Neden mutluluktan ağlıyoruz?

Mutlu bir olaya negatif reaksiyon vermemizin sebebi, kendimizi aşırı yoğun pozitif hislerden korumaya çalışmamız olarak gözüküyor.

Neden mutluluktan ağlıyoruz?
Çocukları ile buluşan askerlerin ya da sahiplerini tehlikeli durumlardan kurtaran köpeklerin videolarını izlemek boğazınızın düğümlenmesine sebep oluyor mu?

Birçok insanın düğünlerde ya da mezuniyet törenlerinde ağladığına şahit olmuşsunuzdur, oysa ki sadece bir fotoğraf ya da video gözlerinizin dolması için yeterlidir.

Ağlamak genellikle mutsuzluğun ifadesi olarak bilinse de pozitif duyguları yoğunlukla yaşadığımız çoğu durumda ağlamak üzere olduğumuzu fark ederiz.

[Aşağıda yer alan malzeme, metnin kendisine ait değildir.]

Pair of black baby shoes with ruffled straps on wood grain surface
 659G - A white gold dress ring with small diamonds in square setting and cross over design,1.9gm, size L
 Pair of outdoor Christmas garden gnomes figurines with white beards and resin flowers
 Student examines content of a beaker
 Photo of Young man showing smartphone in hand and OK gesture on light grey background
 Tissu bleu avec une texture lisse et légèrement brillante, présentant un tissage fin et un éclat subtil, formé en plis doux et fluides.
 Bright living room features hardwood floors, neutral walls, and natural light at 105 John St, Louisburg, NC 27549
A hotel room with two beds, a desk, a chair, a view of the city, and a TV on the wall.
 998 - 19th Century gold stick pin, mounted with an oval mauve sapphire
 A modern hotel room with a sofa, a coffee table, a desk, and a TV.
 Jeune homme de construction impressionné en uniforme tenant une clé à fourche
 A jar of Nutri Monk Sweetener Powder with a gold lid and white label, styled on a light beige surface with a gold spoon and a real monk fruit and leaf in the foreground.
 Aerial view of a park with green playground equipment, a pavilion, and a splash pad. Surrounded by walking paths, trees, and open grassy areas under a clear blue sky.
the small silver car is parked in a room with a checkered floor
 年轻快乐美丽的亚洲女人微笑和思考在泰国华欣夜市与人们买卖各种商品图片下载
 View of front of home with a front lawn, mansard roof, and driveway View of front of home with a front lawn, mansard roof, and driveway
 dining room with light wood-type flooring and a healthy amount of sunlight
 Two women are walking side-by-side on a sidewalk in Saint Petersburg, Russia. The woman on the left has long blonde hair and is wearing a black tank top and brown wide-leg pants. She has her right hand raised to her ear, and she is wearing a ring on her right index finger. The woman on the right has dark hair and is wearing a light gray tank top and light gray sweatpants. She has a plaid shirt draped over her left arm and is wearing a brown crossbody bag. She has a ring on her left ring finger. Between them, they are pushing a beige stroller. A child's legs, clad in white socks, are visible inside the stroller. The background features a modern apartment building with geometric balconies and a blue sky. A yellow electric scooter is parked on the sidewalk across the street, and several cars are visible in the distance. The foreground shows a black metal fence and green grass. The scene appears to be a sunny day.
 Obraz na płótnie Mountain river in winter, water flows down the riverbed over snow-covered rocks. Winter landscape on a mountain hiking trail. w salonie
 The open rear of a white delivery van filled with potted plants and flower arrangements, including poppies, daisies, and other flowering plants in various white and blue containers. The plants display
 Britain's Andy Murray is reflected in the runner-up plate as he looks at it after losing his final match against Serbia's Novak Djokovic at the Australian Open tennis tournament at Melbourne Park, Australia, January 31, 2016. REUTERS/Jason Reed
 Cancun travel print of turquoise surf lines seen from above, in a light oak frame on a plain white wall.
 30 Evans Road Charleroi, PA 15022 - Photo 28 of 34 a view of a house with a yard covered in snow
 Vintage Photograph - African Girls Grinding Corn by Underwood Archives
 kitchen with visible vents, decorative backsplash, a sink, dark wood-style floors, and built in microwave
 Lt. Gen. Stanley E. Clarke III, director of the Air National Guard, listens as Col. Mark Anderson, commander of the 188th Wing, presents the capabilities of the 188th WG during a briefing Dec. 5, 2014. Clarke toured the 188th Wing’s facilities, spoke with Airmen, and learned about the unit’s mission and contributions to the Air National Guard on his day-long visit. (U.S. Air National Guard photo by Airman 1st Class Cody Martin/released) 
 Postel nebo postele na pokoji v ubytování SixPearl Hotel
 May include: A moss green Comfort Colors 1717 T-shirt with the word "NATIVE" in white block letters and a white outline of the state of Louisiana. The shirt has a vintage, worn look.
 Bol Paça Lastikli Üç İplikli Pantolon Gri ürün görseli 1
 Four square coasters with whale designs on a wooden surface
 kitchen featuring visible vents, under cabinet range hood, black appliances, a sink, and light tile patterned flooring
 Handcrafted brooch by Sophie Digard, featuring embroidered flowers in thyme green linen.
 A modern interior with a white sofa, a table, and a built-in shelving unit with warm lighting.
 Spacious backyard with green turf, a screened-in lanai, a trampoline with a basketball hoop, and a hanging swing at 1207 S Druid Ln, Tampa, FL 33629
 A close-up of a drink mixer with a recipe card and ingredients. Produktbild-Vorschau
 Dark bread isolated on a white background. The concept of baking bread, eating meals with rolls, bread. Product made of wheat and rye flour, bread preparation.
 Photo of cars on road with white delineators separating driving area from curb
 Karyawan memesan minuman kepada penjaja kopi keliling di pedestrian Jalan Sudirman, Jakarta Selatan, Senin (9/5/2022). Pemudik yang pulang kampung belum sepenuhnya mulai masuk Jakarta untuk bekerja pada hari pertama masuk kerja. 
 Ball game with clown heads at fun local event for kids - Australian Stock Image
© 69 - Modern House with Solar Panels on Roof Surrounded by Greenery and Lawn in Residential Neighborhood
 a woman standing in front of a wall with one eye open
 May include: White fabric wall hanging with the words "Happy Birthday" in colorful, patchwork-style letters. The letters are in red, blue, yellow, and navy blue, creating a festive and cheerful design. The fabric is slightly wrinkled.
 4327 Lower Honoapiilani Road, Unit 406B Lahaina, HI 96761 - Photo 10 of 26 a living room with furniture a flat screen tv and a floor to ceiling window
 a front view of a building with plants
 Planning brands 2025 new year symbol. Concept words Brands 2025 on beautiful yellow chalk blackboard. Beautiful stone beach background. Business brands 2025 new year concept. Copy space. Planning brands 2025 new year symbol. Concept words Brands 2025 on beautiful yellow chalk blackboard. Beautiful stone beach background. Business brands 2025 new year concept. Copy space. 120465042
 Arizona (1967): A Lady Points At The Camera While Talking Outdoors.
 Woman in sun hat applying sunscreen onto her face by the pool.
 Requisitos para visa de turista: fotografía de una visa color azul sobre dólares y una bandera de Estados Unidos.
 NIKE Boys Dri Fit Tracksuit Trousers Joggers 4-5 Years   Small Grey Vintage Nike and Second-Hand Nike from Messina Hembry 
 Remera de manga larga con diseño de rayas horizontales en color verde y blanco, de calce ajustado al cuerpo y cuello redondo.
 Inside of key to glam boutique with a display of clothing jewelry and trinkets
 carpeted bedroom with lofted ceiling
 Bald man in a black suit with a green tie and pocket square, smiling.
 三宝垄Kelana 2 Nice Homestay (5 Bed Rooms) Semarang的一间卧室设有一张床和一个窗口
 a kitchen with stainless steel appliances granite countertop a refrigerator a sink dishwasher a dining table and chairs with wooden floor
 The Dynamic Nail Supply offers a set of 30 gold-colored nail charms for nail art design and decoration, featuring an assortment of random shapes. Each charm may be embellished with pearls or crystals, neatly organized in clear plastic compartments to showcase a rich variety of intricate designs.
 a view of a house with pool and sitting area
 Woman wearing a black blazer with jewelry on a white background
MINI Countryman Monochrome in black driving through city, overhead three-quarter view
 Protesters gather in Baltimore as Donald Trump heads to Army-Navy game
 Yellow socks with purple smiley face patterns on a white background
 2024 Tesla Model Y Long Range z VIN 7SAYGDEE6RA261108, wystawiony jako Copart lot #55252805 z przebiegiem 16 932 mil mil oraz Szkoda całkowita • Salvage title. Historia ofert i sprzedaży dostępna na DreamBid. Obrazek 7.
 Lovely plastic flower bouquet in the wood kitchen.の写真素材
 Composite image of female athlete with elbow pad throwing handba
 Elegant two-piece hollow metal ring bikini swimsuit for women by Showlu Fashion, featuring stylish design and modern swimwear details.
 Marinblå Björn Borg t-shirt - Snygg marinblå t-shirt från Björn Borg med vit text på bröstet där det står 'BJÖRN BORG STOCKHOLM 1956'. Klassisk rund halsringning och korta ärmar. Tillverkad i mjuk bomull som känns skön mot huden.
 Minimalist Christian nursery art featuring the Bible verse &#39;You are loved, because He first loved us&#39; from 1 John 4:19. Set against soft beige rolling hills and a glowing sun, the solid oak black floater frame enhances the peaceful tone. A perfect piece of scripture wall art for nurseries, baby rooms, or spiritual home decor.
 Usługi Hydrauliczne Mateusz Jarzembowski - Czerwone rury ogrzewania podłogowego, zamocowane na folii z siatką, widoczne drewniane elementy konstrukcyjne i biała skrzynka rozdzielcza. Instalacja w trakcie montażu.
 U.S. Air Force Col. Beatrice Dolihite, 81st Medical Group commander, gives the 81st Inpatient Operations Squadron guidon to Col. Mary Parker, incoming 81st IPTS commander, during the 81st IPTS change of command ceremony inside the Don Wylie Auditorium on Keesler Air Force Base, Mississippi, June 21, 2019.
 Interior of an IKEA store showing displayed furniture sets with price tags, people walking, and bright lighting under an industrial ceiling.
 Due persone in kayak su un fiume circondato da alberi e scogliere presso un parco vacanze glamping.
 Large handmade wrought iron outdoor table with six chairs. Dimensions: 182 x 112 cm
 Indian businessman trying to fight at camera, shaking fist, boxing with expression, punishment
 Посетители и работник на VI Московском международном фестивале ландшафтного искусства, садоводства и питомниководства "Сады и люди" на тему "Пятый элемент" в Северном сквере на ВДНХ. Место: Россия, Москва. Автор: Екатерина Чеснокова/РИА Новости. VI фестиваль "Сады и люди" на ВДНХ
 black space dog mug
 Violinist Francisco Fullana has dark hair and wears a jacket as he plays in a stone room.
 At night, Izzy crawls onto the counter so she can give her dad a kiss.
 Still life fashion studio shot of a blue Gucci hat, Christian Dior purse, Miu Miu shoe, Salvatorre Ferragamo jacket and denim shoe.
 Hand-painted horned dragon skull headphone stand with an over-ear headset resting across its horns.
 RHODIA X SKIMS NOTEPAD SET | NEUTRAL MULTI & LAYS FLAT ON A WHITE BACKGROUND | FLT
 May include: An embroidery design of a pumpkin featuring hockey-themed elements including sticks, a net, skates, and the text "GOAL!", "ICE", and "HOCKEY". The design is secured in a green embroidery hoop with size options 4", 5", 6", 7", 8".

Yakın zamanda yapılan bir araştırmaya göre, mutlu bir olaya negatif reaksiyon vermemizin sebebi, kendimizi aşırı yoğun pozitif hislerden korumaya çalışmamız olarak gözüküyor.

Yale Üniversitesi'nde yapılan ve 'Psikolojik Bilim' dergisinde yayınlanan araştırma, 'iki şekilli ifade biçimleri' olarak tanımlanan, bir duygu için iki farklı yüz ifadesi kullanma konusuna odaklanıyor. Bu duygulara örnek olarak, komedi filmi izlerken hem gülme hem ağlama, bir cenaze töreni sırasında hem kıkırdama hem yas tutma ve bir köpek yavrusuyla oynarken hem gülümseme hem de dişlerini sıkma davranışları alınıyor.

BEYNİMİZ DUYGULARIMIZI DENGELEMEYE ÇALIŞIYOR

Araştırmacılar, katılımcıların sevimli bebeklerin fotoğrafları gibi pozitif uyarıcılara verdikleri duygusal reaksiyonları ölçerek, pozitif deneyimleri ile ilgili sorular soruyorlar. Bu araştırmanın sonucunda, olumlu haberlere aynı anda hem pozitif hem de negatif reaksiyon gösteren kişilerin yoğun duyguları ılımlı bir şekilde kabullenmeye daha yatkın oldukları ortaya çıkıyor. Bu sonuç, birbirine zıt iki duygusal ifadenin,beynimizin bizi duygusal olarak sabit bir dayanağa çekme yolu olabileceği şeklinde yorumlanıyor.

Araştırmacılar insanları bu zıt ifade yöntemlerini duygusal dinginliği oluşturmak için kullandığını iddia ediyor. Bu zıt ifade yöntemleri genellikler insanlar yoğun duygular yaşadığı sırada oluşuyor ve insanların bu yoğun duygulardan daha ılımlı bir şekilde etkilenmesine yardımcı oluyor.

Araştırmanın bir başka sonucu ise, pozitif deneyimlere aynı anda hem pozitif hem de negatif reaksiyon veren kişilerin bu çeşitliliği birçok farklı deneyimde gösterdiğini de ortaya koyuyor. Örneğin sevdikleri bir kişiye kavuştukları zaman ağlayan insanlar, bebek severken yanağını sıkarak normalde bir agresiflik belirtisi olarak bilinen bir davranışı gerçekleştirmeye daha yatkın oluyor. Bu ve benzeri durumlarda, ağlama ya da çimdikleme insanların aşırı yoğun pozitif duygularla başa çıkma yöntemi olarak görülüyor.

NEGATİF DENEYİMLERE POZİTİF REAKSİYONLAR DA VERİLİYOR


Bu davranışlara zıt olarak, araştırmanın sonuçlarında, insanların korku, sinir ya da umutsuzluk yaşadığı negatif deneyimlerle pozitif reaksiyonlar vererek başa çıktığı görülüyor. Araştırmacılar bu durumlara örnek olarak yoğun üzüntü ya da yaşayan insanların gülümsemesini örnek gösteriyor.

Araştırmacılar bu ifade değişiklerinin neden belirli insanlarda görüldüğü konusunda hala deneyler yapıyorlar fakat genel olarak bu insanların duygularını dışa vurmaya ve duygusal olarak galeyana gelmeye daha yatkın oldukları teorisi üzerinde duruluyor.

Araştırmacılar, duygularımızı ifade etme biçimlerimizdeki farklılıkları anlamanın, psikologların duygularını ifade etme ve yansıtma konusunda zorluk çeken hastalarına yol gösterme konusunda yardımcı olacağını belirtiyor.